14 leading human rights groups including Amnesty International, Scholars at Risk and the Bahrain Institute for Rights and Democracy have issued a statement calling for the release of jailed Bahraini academic, blogger and human rights defender Dr Abduljalil AlSingace, who has been on hunger strike since 8 July 2021 to protest ill treatment and demand the return of a book he wrote in prison which was confiscated by prison authorities.
The letter states that the confiscation of Dr AlSingace’s book, upon which he dedicated at least four years of research, “is an unjust punishment” adding that “authorities must ensure the protection of his rights, including the return of his intellectual property.” The signatories go on to call “for Dr AlSingace’s immediate and unconditional release and for his work to be immediately given to his family.” Dr ASingace’s book, a study of Bahraini Arabic dialects, contains no political content but authorities have refused to return it, despite promises.

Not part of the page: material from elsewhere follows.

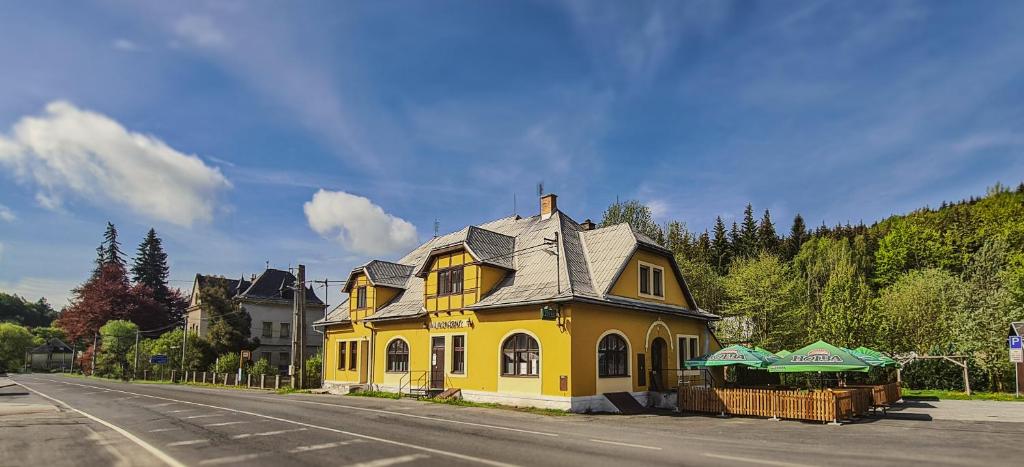 una casa amarilla sentada al lado de una calle en Penzion U Kovárny, en Malá Morávka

The letter also highlights the failure of Bahrain’s Ombudsman of the Ministry of Interior (the Ombudsman) to adequately investigate the seizure of Dr AlSingace’s research and ill treatment committed against him. They noted that the Ombudsman “cleared the prison officials from any wrongdoing” without interviewing Dr AlSingace and accused him of “smuggling” his own work. The Ombudsman and other Bahraini human rights oversight bodies, which receive training funded by the UK government, have been widely condemned for their failure to hold perpetrators accountable, including by the United Nations.

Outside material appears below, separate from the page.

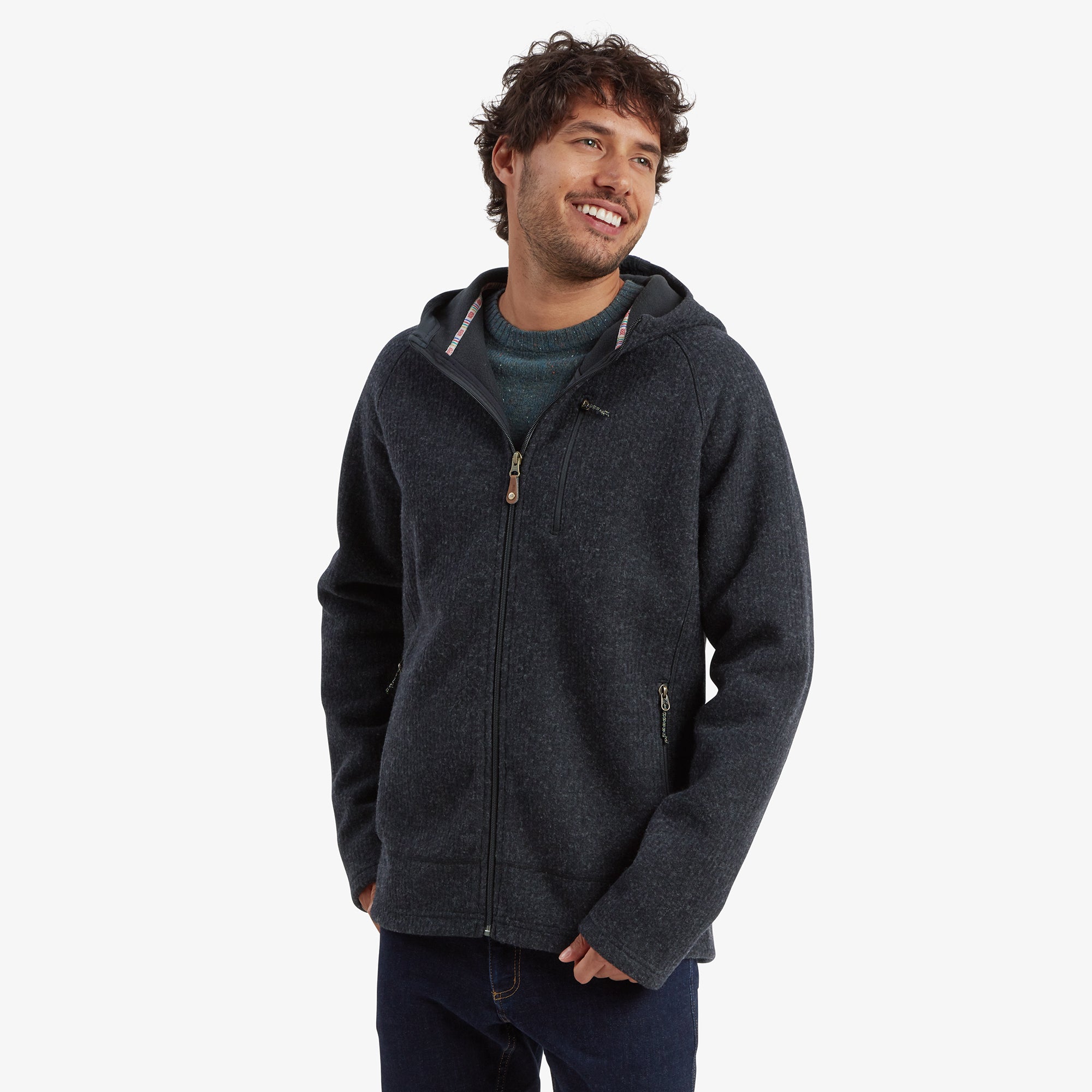 A smiling man models a Sherpa Adventure Gear Namgyal Hoodie in Black with a full-zip design. The jacket features a subtle heathered texture and a high neckline with a hood. He has his hands in the jacket's side pockets, paired with dark blue jeans and a casual stance.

Dr AlSingace is serving a life sentence at Bahrain’s notorious Jau Prison over his role in Bahrain’s pro-democracy uprising during the 2011 Arab Spring. He is a former lecturer in the Mechanical Engineering department at the University of Bahrain, with PhD from the University of Manchester Institute of Science and Technology, now the University of Manchester. In 2007, he was a Draper Hills Fellow at Stanford University’s Center on Democracy Development and the Rule of Law.

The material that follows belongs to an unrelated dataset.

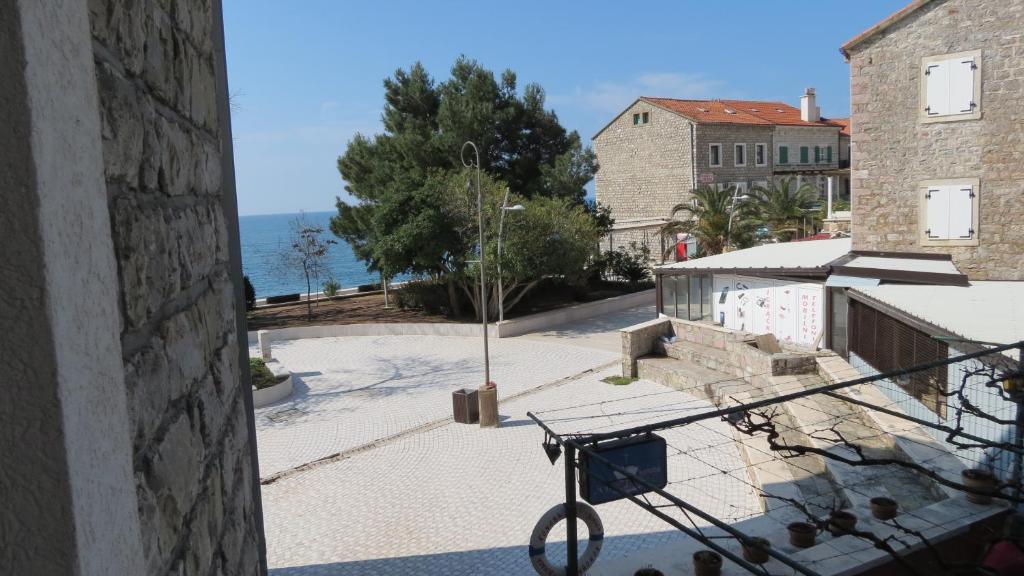 a view from the balcony of a building at Beachfront Apartments Oaza in Petrovac na Moru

Dr AlSingace has several chronic illnesses, including post-polio syndrome and a musculoskeletal condition, requiring the use of crutches or a wheelchair, making his hunger strike particularly detrimental to his health. Since starting his hunger strike, he has lost at least 10kg and been transferred to an external hospital for monitoring. During his time in prison, he has repeatedly complained of medical negligence by prison authorities, a common form of punishment against political prisoners in Bahrain.
Following his arrest, Dr AlSingace was subjected to brutal torture following his arrest, including being repeatedly beaten, “sexually molested”, “forced to lick the shoes” of prison guards and threatened with the rape of his wife and daughter, amongst other violations, according to the Bahrain Independent Commission of Inquiry. The international community has called repeatedly for his release including the United Nations Special Rapporteurs on Human Rights Defenders, Human Rights Watch, Amnesty International, the Bahrain Institute for Rights and Democracy and American, British and European legislators.
Sayed Ahmed Alwadaei, Director of the Bahrain Institute for Rights and Democracy (BIRD), commented: “The confiscation of Dr AlSingace’s research is yet another cynical attempt to humiliate a brave leader who refuses to be cowed in the face of abuse. He has now spent a decade in prison for his peaceful resistance to Bahrain’s dictatorship and it is time for Bahraini authorities to end this petty persecution, return Dr AlSingace’s book and order his immediate and unconditional release.”
Husain Abdulla, Executive Director at Americans for Democracy and Human Rights in Bahrain (ADHRB), commented: “Bahrain's allies in the US and UK continue to remain silent in the face of Dr AlSingace’s unlawful imprisonment and the many abuses he has been subjected to. This glaring double standard exposes how shallow their professed commitment to human rights really is.”